Yeah, it would probably help tremendously if you got a chance to read those two books. But in the mean time, here's a link to a site that talks about the correlations better than I could: 
http://www.pentaone.com/cgi-bin/hannibal/yabb/YaBB.cgi?board=chat;action=display;num=1050074096

It's a lot of reading but if you have the time and are interested, I would suggest looking it over.  

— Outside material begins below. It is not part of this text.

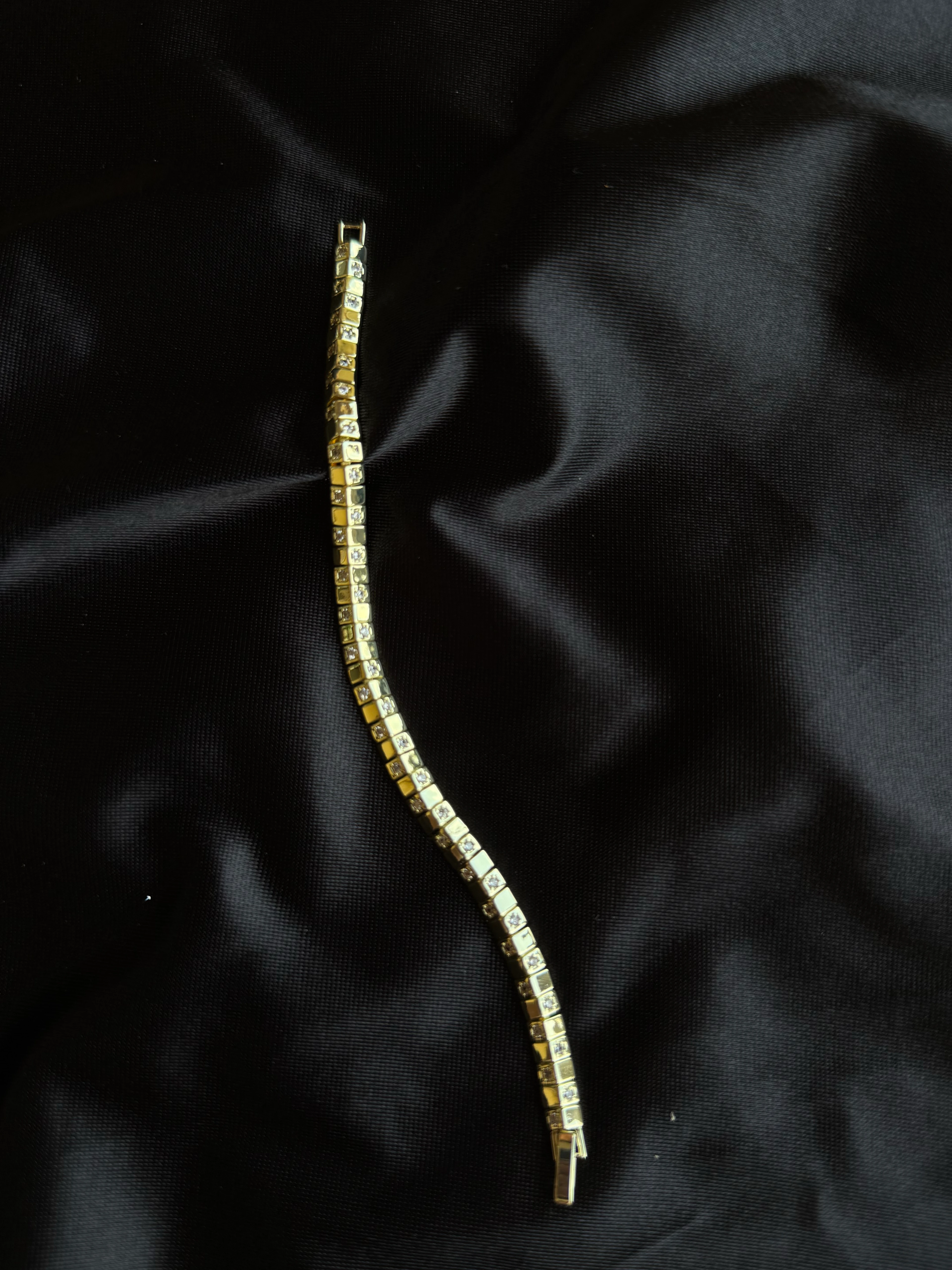 Modern Geçişli Işıltı Bileklik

Dante is definately a great writer.   I love his work.


----------



## darkheartedwanderer (Jan 1, 2004)

*Dante....*

I just finished reading Dante's Inferno....oh my god it was good....definately a good read...

~ Wayne Ser ~

*"Through me the way into the suffering city,
Through me the way to eternal pain,
Through me the way that runs among the lost.
Justice urged on my high artificer;
My maker was divine authority,
The highest wisdom, and the primal love
Before me nothing but eternal things 
Were made, and I endure eternally.
Abandon every hope, who enter here."*~ Dante (Inferno...Inscription on the Gate of Hell)


----------



## Guest (Jun 10, 2004)

You bring up an interesting point. I have read all of the listed Thomas Harris books and Dante's Divine Comedy. And now that I think about it, Harris is a modern Dante. 

Great question and insight!!!!!
 :cheers:


----------



## Jane Jones (Jun 11, 2004)

*Re: Dante....*



			
				darkheartedwanderer said:
			
		

> *"Through me the way into the suffering city,
> Through me the way to eternal pain,
> Through me the way that runs among the lost.
> Justice urged on my high artificer;
> ...



I have seen a painting of this gate.  I loved Dante's Inferno, it was a masterpiece, one of my all time favorites...


----------